• **Material provided**

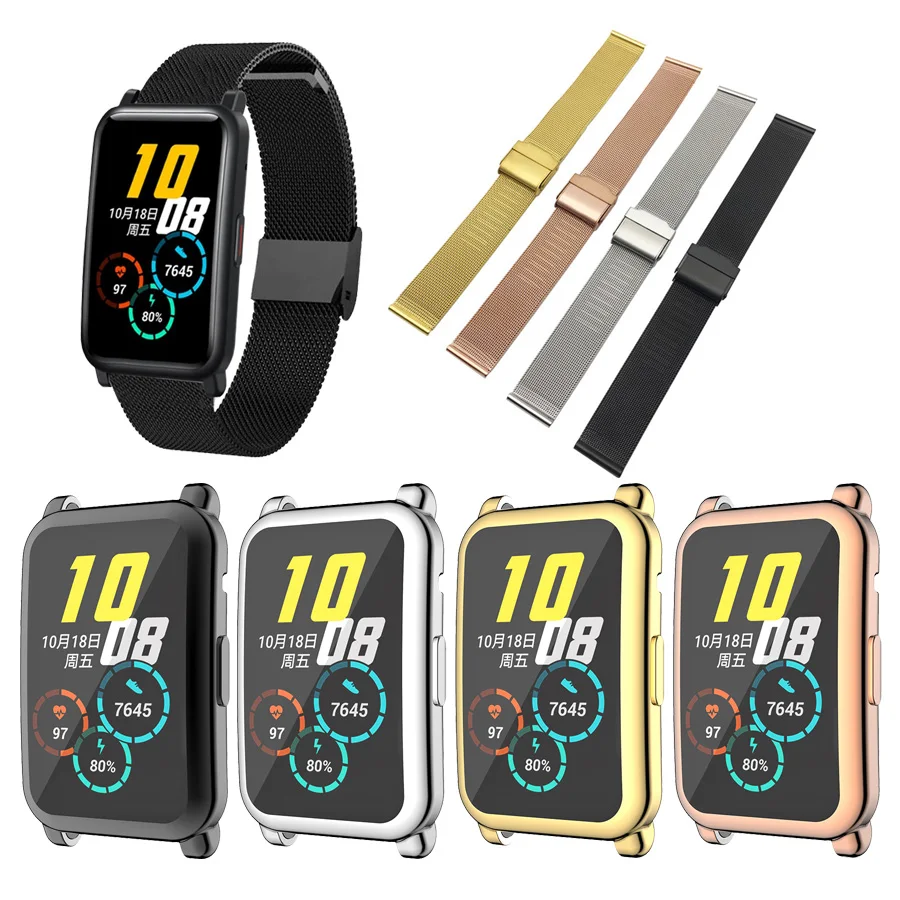 حزام لهواوي الشرف ووتش ES الذكية ووتش الفرقة المعادن Milanese معصمه سوار ل الشرف ووتش ES حالة غطاء الوفير قذيفة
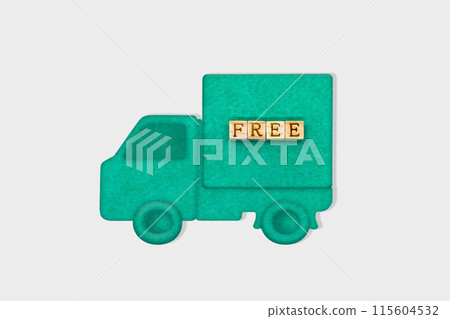 Free shipping icon with free English blocks on a truck Free shipping icon with free English blocks on a truck 115604532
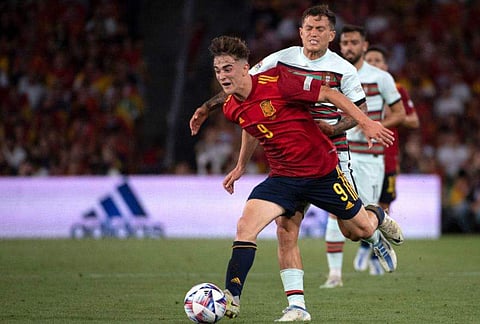 സ്‌പെയ്ന്‍ മധ്യനിര താരം ഗവിയുടെ മുന്നേറ്റം/ഫോട്ടോ: എഎഫ്പി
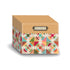 A decorative recipe box with a quilted pattern on the lower half and a small metal label reading 'RECIPES' on the front, shown on a white background.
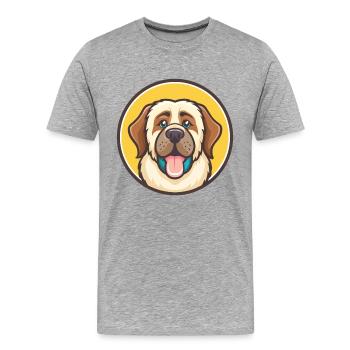 Pyrenäenmastiff-Hunderasse-Cartoon-Kawaii-Clipart - Männer Premium Bio T-Shirt - Grau meliert - Vorne - Damien (186cm)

• **Task description**
Restate the whole listing word for word. Omit the pictures.

• **Solution for this exercise**
 حزام لهواوي الشرف ووتش ES الذكية ووتش الفرقة المعادن Milanese معصمه سوار ل الشرف ووتش ES حالة غطاء الوفير قذيفة
 Free shipping icon with free English blocks on a truck Free shipping icon with free English blocks on a truck 115604532
 സ്‌പെയ്ന്‍ മധ്യനിര താരം ഗവിയുടെ മുന്നേറ്റം/ഫോട്ടോ: എഎഫ്പി
 A decorative recipe box with a quilted pattern on the lower half and a small metal label reading 'RECIPES' on the front, shown on a white background.
 Pyrenäenmastiff-Hunderasse-Cartoon-Kawaii-Clipart - Männer Premium Bio T-Shirt - Grau meliert - Vorne - Damien (186cm)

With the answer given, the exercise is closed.